"War has erupted between clean-air activists and state leaders, with the battleground being the data driving decisions about Utah's air quality" http://www.sltrib.com/sltrib/politics/55897566-90/utah-pollution-data-county.html.csp?page=1. Do not be mistaken, the numbers do matter. To solve any problem, we first need to identify the major causes. The data helps us do this. However, this war of numbers does confuse the issue, and probably on purpose. The Governor would love us to spend all of our energies engaging him over whether or not his data is accurate or fair or meaningful, but this isn’t the real war.
First, we can slice the pie into however many pieces we want, but in the end, the pie is gone. Even if an 11% contribution from industry were credible, we first demand to see the current mess cleaned up, then we can discuss expansion of industry.

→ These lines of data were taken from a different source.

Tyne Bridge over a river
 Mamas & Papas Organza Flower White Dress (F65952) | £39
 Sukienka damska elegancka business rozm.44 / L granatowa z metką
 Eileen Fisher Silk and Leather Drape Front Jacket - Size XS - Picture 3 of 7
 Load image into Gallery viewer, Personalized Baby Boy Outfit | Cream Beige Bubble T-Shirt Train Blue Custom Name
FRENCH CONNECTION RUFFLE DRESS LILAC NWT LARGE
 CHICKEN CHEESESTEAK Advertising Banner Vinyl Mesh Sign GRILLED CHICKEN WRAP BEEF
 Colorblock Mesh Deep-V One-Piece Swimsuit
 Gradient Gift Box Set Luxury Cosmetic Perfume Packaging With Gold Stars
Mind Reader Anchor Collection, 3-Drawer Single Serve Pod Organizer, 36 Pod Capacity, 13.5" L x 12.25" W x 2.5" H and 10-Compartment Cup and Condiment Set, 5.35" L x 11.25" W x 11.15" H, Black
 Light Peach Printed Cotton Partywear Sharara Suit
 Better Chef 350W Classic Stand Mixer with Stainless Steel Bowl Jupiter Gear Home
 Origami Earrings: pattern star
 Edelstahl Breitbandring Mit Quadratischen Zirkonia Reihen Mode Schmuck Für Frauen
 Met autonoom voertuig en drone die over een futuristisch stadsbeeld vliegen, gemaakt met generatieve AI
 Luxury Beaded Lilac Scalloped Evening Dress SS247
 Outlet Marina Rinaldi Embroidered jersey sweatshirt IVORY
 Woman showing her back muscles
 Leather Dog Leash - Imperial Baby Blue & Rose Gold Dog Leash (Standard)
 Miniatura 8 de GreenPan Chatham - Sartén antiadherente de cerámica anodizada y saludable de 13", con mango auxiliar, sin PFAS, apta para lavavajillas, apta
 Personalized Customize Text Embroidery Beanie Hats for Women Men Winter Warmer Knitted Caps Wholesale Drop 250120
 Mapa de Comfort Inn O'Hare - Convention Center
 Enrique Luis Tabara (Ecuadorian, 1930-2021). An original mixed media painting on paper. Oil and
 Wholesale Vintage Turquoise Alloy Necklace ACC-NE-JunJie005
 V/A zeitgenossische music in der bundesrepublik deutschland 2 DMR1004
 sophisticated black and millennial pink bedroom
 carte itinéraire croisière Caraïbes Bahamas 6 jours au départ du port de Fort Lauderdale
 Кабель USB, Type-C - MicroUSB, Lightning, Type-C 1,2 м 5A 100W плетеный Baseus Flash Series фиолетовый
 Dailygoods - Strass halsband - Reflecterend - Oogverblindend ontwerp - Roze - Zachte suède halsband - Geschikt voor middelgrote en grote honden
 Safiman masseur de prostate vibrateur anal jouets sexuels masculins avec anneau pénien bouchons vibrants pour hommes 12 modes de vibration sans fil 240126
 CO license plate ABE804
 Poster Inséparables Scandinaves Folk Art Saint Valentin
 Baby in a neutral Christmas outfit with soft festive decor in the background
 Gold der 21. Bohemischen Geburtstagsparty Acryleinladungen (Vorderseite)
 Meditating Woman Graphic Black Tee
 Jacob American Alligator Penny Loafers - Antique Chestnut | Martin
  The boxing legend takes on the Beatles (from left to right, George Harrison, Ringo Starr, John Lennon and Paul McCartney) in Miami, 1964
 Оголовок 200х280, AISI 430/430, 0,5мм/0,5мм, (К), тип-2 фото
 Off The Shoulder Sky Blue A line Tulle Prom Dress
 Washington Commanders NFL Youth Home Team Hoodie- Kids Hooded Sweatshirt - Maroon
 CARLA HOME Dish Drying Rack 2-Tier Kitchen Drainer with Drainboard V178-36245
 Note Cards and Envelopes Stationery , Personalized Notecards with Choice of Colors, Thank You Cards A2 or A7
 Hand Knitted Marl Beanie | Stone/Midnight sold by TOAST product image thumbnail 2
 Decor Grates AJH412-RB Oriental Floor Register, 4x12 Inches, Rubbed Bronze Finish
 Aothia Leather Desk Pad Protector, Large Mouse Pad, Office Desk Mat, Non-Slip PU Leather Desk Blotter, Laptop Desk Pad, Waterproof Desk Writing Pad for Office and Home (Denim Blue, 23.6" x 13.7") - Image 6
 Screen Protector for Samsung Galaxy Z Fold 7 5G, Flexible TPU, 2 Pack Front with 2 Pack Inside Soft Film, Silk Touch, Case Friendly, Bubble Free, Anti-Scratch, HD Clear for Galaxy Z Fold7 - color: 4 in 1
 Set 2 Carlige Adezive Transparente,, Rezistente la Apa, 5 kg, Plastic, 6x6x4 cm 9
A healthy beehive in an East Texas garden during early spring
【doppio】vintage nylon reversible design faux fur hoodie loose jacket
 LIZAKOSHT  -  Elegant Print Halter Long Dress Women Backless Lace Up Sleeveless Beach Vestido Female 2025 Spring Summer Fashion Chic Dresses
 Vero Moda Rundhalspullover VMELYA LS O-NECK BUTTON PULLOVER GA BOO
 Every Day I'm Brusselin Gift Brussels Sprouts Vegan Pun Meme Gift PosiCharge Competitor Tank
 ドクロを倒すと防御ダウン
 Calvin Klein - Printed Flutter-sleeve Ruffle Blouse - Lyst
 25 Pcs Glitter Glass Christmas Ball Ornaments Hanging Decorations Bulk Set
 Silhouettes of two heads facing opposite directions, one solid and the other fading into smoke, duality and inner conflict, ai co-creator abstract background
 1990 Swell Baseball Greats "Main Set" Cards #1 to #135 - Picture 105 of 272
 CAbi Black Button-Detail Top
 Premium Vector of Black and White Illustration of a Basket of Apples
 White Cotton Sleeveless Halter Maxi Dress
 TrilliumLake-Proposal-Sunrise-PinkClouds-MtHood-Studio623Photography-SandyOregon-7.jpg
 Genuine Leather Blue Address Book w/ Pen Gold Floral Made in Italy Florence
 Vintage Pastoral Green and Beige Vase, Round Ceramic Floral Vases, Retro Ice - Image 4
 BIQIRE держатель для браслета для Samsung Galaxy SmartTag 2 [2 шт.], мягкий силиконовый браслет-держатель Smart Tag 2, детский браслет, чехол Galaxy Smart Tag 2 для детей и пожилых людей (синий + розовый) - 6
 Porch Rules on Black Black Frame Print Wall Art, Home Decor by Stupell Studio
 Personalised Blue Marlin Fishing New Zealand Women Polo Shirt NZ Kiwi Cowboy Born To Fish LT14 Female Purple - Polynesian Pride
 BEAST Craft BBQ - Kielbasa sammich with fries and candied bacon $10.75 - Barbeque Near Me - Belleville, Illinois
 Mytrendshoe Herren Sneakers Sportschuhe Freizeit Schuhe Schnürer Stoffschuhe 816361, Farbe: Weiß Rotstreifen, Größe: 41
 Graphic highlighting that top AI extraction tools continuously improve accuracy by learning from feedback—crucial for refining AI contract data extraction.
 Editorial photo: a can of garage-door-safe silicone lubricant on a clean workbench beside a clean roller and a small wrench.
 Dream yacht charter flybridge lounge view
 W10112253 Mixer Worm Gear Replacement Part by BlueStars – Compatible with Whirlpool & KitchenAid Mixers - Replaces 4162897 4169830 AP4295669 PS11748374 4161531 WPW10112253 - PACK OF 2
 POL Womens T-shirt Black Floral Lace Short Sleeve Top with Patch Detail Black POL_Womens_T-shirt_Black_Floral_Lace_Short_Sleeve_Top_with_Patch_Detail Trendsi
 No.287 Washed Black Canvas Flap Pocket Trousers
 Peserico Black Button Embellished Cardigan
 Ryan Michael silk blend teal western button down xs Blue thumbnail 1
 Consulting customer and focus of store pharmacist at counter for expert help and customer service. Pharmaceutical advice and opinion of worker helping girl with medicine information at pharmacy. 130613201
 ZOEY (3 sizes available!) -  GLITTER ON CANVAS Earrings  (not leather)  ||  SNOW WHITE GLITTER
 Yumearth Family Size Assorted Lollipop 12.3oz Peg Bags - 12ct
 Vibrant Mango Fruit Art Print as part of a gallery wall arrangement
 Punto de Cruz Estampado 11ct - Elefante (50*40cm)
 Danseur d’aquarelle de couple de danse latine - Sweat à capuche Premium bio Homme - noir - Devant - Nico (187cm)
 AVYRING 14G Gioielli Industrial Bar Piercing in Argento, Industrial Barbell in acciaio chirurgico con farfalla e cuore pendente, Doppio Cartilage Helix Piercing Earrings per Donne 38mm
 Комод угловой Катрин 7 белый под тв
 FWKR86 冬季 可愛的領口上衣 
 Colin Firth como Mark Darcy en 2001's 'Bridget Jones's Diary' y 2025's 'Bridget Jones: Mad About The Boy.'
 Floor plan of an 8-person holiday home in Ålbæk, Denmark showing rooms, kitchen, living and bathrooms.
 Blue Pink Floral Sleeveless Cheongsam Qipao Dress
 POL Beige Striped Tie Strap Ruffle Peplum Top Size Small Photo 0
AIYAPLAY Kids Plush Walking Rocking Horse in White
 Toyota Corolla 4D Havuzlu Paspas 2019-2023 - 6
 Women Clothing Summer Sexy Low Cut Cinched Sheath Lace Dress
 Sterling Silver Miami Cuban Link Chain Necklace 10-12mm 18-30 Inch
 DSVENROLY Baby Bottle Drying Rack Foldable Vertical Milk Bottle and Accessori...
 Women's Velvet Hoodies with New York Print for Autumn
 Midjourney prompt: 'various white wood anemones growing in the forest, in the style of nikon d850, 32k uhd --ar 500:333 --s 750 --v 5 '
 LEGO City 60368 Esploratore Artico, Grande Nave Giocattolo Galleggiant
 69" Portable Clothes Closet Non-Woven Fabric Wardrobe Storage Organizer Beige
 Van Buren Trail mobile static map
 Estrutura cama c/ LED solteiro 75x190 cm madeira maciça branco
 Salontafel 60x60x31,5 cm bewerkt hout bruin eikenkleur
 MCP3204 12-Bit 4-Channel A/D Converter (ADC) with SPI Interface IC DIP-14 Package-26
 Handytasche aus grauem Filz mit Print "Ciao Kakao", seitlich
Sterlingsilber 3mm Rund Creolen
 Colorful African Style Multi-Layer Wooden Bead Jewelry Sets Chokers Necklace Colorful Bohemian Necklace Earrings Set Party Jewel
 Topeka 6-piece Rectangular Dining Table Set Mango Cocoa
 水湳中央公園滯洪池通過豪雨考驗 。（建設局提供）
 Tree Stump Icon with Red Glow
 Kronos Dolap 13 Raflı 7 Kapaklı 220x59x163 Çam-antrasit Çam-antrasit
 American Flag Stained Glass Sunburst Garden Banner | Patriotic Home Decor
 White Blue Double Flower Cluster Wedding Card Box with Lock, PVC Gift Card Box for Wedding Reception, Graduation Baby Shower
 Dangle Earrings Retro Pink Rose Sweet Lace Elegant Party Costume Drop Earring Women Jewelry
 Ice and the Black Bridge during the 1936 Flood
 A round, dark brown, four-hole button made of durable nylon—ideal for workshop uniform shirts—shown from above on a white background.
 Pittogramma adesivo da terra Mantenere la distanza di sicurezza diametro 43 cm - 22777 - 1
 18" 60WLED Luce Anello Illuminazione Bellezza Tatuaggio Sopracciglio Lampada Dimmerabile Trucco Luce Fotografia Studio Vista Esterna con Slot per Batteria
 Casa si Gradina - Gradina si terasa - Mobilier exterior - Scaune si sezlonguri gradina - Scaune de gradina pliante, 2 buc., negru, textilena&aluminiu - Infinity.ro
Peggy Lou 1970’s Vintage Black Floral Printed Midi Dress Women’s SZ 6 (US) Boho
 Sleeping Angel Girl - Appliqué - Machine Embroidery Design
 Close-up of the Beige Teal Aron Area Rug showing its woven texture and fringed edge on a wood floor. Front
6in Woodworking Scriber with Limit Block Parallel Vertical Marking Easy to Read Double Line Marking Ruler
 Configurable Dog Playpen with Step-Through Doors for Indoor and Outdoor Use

But instead of that reasonable approach, Governor Herbert would like us to keep fighting over data from now until spring because as an added benefit, framing the “war” this way, makes environmental groups look anti-business. When in doubt the public will prefer the lower, less-concerning numbers of the state and conclude that the real motive of environmental groups must be to shut down industry. Personally, I don’t have a problem with industry. I have a problem with industry poisoning our airshed, and I think whatever the true pollution figures, industry in our bowl-shaped valley should pride itself on taking leadership in best environmental practice. Why accept mediocrity?
And that takes us to the final point. Why should industry, or anyone else, clean up their act, even if it costs more? Because conservation is a virtue in and of itself, and wastefulness is shameful no matter how richly blessed we are. Here lies the penultimate battle.
Recently, I was driving my husband’s Nissan Leaf up I-15 in medium traffic. I was driving 68 mph and being tailgated by an enormous 4X4 diesel Ford pick-up truck. The truck passed on my left, cut in front of me, put on the breaks, then floored the accelerator. In one loud roar, that truck spewed a black cloud of exhaust big enough to lose my Leaf in.
Clearly this “gentleman” (I have other words I would prefer to use, but probably they wouldn’t make it past any browser filters), was trying to make some kind of point about how stupid I was for driving an electric vehicle. This man wants it to remain socially acceptable to pollute, just for the sake of polluting, and my electric vehicle represents a challenge to that way of thinking.
The real war isn’t in determining how much of a percent that diesel 4X4 contributes to the problem. We fight the real war in convincing that truck’s driver that senseless polluting and waste will no longer be tolerated in our society. As long as people carelessly and willfully pollute, simply because they can, industry will exploit that apathy for profit and to our detriment. We may battle the Governor and his policies, but the driver of that truck elected the Governor.